Kanelsnegle, which also translates to cinnamon snail, is a popular baked treat found in most Danish bakeries and supermarkets. These are often eaten as a snack or dessert after breakfast and best enjoyed with a cup of coffee. In Copenhagen, Sankt Peders Bageri (St. Peter’s Bakery) is the oldest bakery in the capital and famous for its cinnamon scrolls sold every Wednesday.
While you can always enjoy store-bought scrolls, filling your kitchen with the smell of cinnamon and biting onto freshly baked sweet scrolls are hygge moments worth experiencing. Plan one weekend for baking with the kids and make 12 yummy cinnamon scrolls using this recipe. Try doubling it for more scrolls to share, topped with chocolate glaze or your favourite nuts.
From cinnamon scrolls to vanilla cookies, rum balls to honey cake, taste and learn the baking favourites from Denmark’s family kitchens at our workshop. Learn more here.
- Digital weighing scale
- Measuring spoons
- Measuring cups
- Mixing bowls
- Silicone spatula
- Stand mixer with dough hook
- Pastry brush
- Cling wrap
- Rolling pin
- Offset spatula
- Chef’s knife
- Cast iron skillet, baking pan, or 12-cup muffin tin
- 235ml warm milk (45C)
- 2½ tsp instant yeast
- 75g butter, melted and cooled
- 2 eggs, beaten and at room temperature
- 615g bread flour plus extra for dusting
- 1 tsp salt
- 100g white sugar
- Vegetable oil for greasing
- 220g brown sugar
- 2 tbsp ground cinnamon
- 75g butter, softened
- 55g cream cheese, softened
- 190g icing sugar
- ½ tsp vanilla extract
- ⅛ tsp salt
- In your mixer bowl, mix the warm milk and instant yeast together then stir in the melted butter and beaten eggs.
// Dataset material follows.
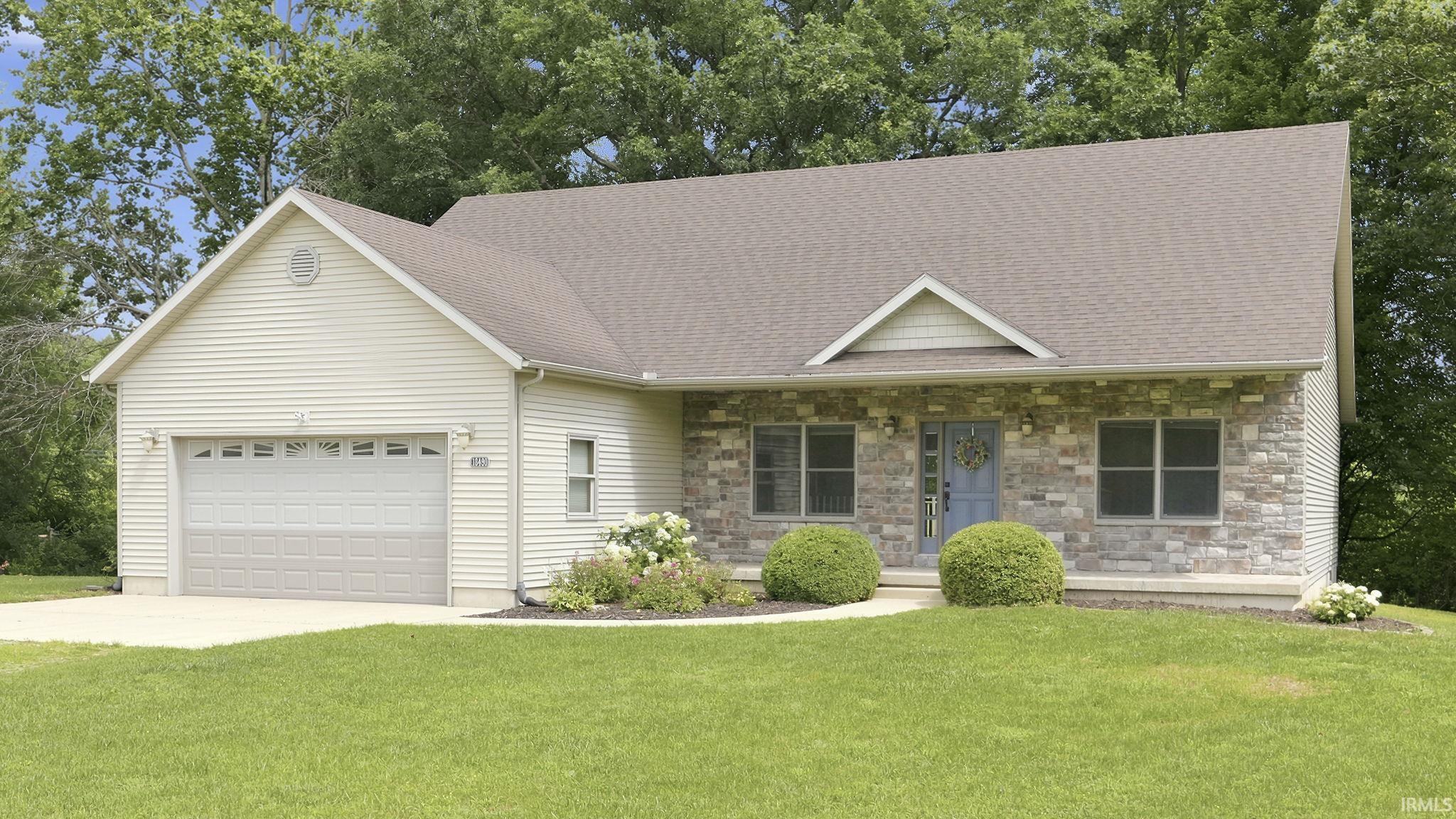 18490 Latonka Trail Culver IN 46511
- Add the dry ingredients to the milk mixture and combine using a silicone spatula. Use the stand mixer to knead the dough at medium speed until smooth and elastic.
- Turn your dough onto a floured work surface then form it into a ball. Transfer it into an oiled mixing bowl, cover with cling wrap, then set aside to rise for an hour or until doubled in size.
- While waiting, you can combine the sugar and ground cinnamon for the filling then set aside. In a separate bowl, mix the cream cheese, icing sugar, vanilla, and salt together then cover the bowl with cling wrap.
- When your dough is ready, roll it out into a 40cm x 55cm rectangle on a floured bench. Spread the softened butter onto your dough then sprinkle the cinnamon and sugar mixture on top.
- Roll up your dough into a log then slice it into 12 rolls. Place the rolls into a lightly greased cast iron skillet, baking pan, or muffin tin. Cover with cling wrap then allow to rise for about 30 minutes.
- Preheat your oven to 200C then bake your rolls for 15 minutes or until golden.
- Let your baked rolls cool at room temperature before topping each with glaze.